--- What is required ---
Among the lines of the listing below, retype exactly those from the one containing "This is the" through the one containing "Hey everyone, today", both included. Do not include pictures.

--- Records supplied ---
════════════════════

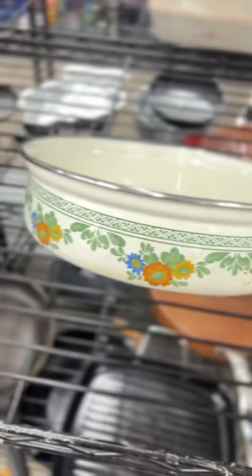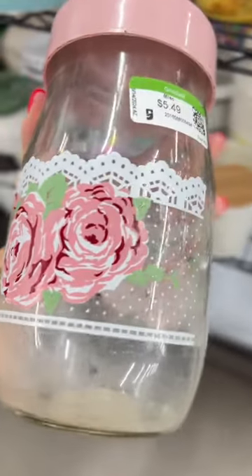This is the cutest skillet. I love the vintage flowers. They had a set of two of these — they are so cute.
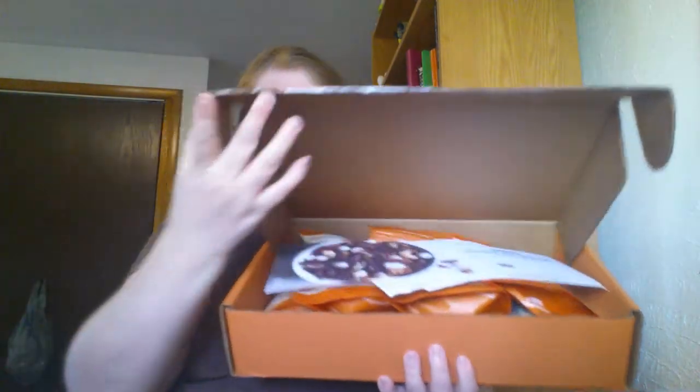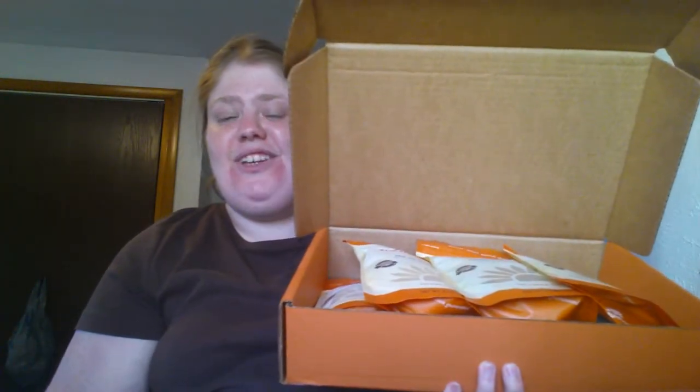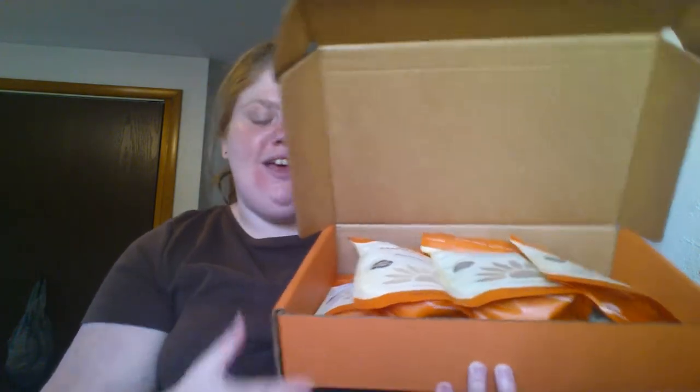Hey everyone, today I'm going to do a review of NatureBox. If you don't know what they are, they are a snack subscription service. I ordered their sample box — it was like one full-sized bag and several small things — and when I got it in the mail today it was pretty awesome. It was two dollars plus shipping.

════════════════════

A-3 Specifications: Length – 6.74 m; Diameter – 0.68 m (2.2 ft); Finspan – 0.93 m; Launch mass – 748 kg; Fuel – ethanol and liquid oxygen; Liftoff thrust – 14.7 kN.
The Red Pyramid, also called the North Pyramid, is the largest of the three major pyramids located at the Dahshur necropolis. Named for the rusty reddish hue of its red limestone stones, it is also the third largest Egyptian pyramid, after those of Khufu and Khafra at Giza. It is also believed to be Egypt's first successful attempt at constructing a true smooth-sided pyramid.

════════════════════

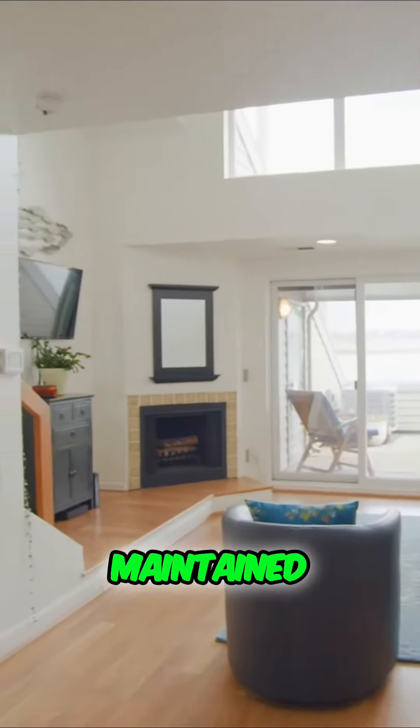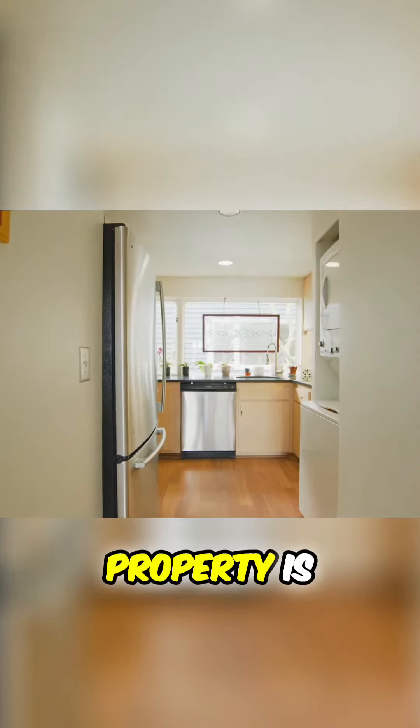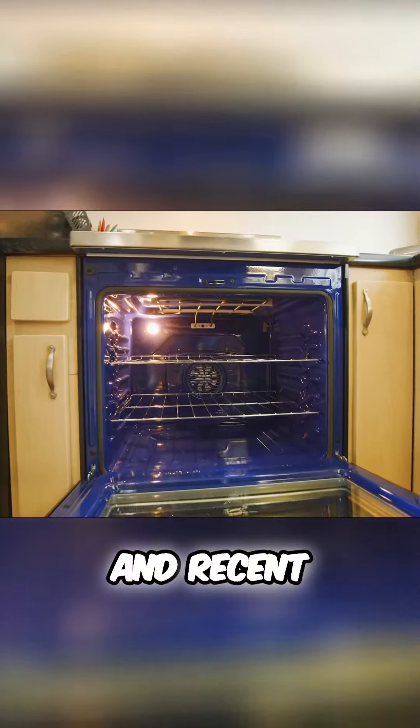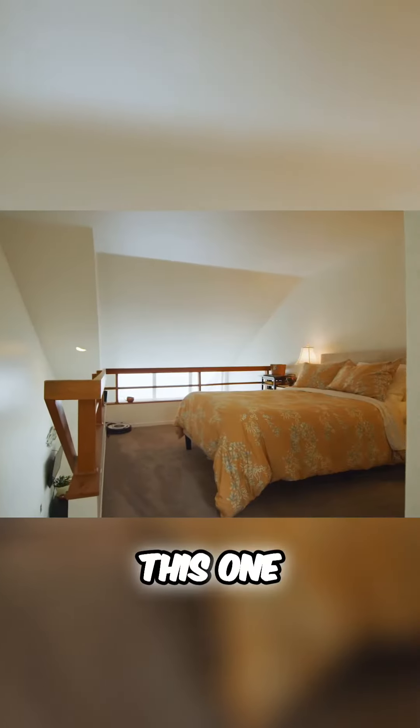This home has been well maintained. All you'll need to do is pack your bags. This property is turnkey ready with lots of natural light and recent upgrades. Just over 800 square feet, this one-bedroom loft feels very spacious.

════════════════════

--- Solution to this task ---
This is the cutest skillet. I love the vintage flowers. They had a set of two of these — they are so cute.
Hey everyone, today I'm going to do a review of NatureBox. If you don't know what they are, they are a snack subscription service. I ordered their sample box — it was like one full-sized bag and several small things — and when I got it in the mail today it was pretty awesome. It was two dollars plus shipping.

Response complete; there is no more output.